Skip to main content

Function names

In some binaries, it is possible that the name of a library function used in the source code result in a different symbol name being added to the binary. This depends on many factors such as aliasing and weak symbols, but it’s important to consider it when writing rules because you might find a binary that uses memcmp, while another sample of the same software component, even matching the same version, uses bcmp, which is an alias for memcmp in glibc. Also, decompilers might add a prefix or suffix to the symbol name when applying their own logic to identify functions. For example, an imp. prefix means the function is external to the binary and it is therefore imported. To illustrate such situation, suppose you have three different samples of the same software component, where:
  1. Sample A uses memcmp.
  2. Sample B uses bcmp.
  3. Sample C uses bcmp, but the decompiler shows imp.bcmp instead (a prefix was added).
Assume you’re using scope:project. You could, of course, try this:
scopes = {scope:project{with = check}}

function check(project)
    local memcmp = project:functions("memcmp")

    if not memcmp then
        memcmp = project:functions("bcmp")
        if not memcmp then
            memcmp = project:functions("imp.bcmp")
            if not memcmp then
                print("memcmp not found")
                return
            end
        end
    end
end
The above code works, but it’s a bit hard to read. Here’s a smarter approach:
scopes = {scope:project{with = check}}

function check(project)
    local memcmp = project:functions({matching = "^(imp\\.)?(memcmp|bcmp)$"})

    if not memcmp then
        print("memcmp not found")
        return
    end
    print(memcmp.name)
end
This would match memcmp or bcmp, with or without the imp. prefix.

Inlined functions

Functions are often inlined by the compiler, meaning the function call is replaced by its code. For example, consider the following code:
#include <stdio.h>

void small_work() {
    puts("small work is being done");
}

void worker() {
    puts("worker is working");
    small_work();
}

int main(void) {
    worker();
}
Without any special compiler options or optimization, the decompiled worker function should be similar to this:
void worker() {
  puts("worker is working");
  small_work();
  return;
}
If a rule contains code like the following, it will work (assuming the binary has symbols or signatures applied):
local worker = project:functions("worker")
if worker and worker:has_call("small_work") then
    print("found it!")
end
However, the developer or the compiler might decide to inline one or more function calls. For example, small_work’s code might replace its call within worker. If small_work is the function of interest, the above rule would break, as small_work would no longer be available:
void worker(void) {
   puts("worker is working");
   puts("small work is being done");
   return;
}
Function inlining, when done correctly, does not change the program’s semantics. It is an optimization technique commonly used by compilers to eliminate function call overhead and potentially reduce stack frame usage. You can easily detect whether a function has been inlined by using rules with logic like the following:
local f = project:functions("small_work")
if not f then
    f = project:functions("worker")
    if not f then
        return
    end
end
-- keep working with `f`
One might feel tempted to use project:functions({matching = "small_work|worker"}), but this would introduce a bug in the rule, since the matching order is not guaranteed. This method could return the worker function even when small_work has not been inlined, which would be a bug in the rule logic.

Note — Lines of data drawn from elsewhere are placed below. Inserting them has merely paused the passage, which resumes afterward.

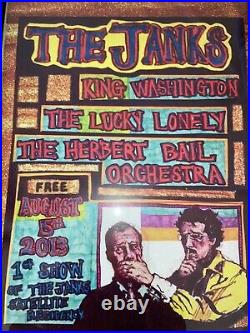 POSTER The Janks King Washington August 5 2013 Concert Live Show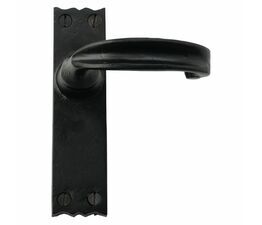 Cardea Black Iron Classic Lever Door Handle
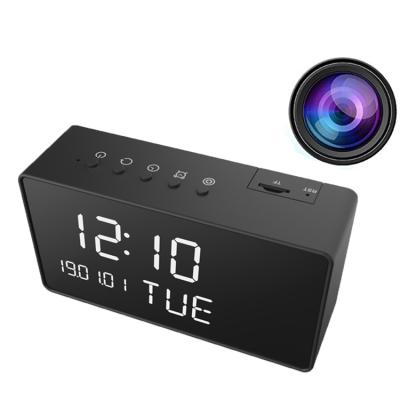 China Siren 1080p Hd Built-in Security Monitoring Siren 1080p Hd Wireless CCTV Spy Camera Table Wireless Wifi Hidden Alarm Clock for sale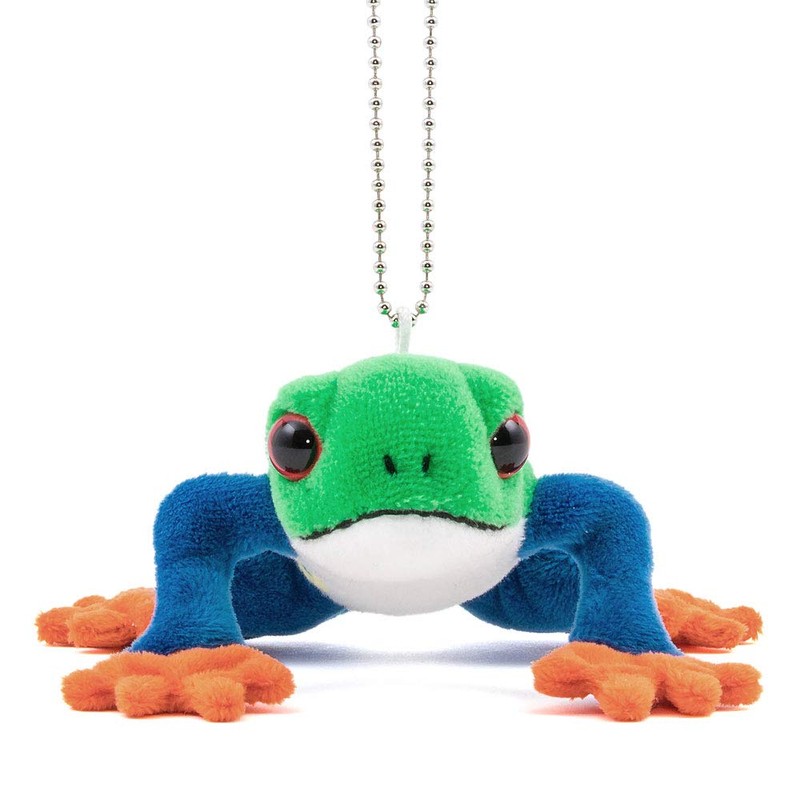 [COLORATA] Carolata Plush Mascot, Red-headed Frog (Realistic Amphibian / Chain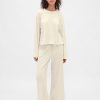 Top PJ Crop Waffle
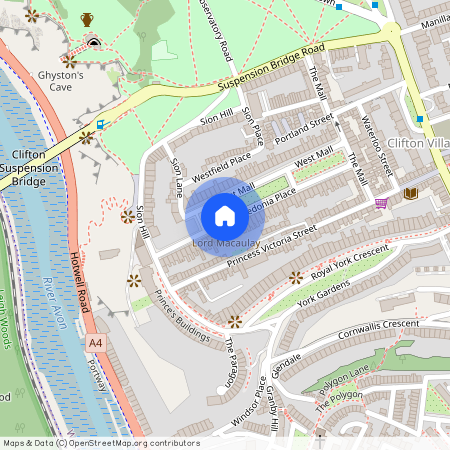 Clifton Village | Caledonia Place | BS8 4DJ, Bristol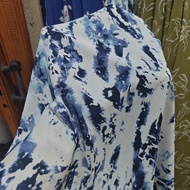 ZARA PREMIUM CREPE FABRIC WITH ABSTRACT MOTIF - ABSTRACT MOTIF CREPE FABRIC PRICE PER HALF METER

Arrays indexing convention

In Lua, arrays are a particular use of tables. By convention, they are 1-based.
t = {"one", "two", "three"} -- create an array (technically, a table) with three strings
print(t[1]) --> "one"
However, any type (except nil) can be used as keys, effectively creating associative arrays:
t = {}
t[-1] = "vulhunt"
t[0] = "binarly"
t["version"] = 3.0

print(t[-1])        --> "vulhunt"
print(t[0])         --> "binarly"
print(t[1])         --> nil
print(t["version"]) --> 3

Table emptiness

A reference to an empty table evaluates to true:
t = {} -- create an empty table and store a reference to it at `t`
if t then -- `t` is a valid reference, thus evaluated as `true`
    -- code here runs
end
To check whether a table is empty, use the next() function:
t = {}
 -- `t` is a valid reference; `next(t)` returns the index of
 -- the next element, which is `nil` in this case
if next(t) then
    -- code here does NOT run
end
The length operator (#) is only reliable for proper sequences (1-based arrays without holes). See:
t = {"one", "two", [5]="five"} -- there's a hole between indexes 2 and 5
print(#t) --> 2

-- with associative arrays, `#` may not work as expected
t = {
    ["name"] = "binarly",
    ["product"] = "vulhunt"
}

print(#t) --> 0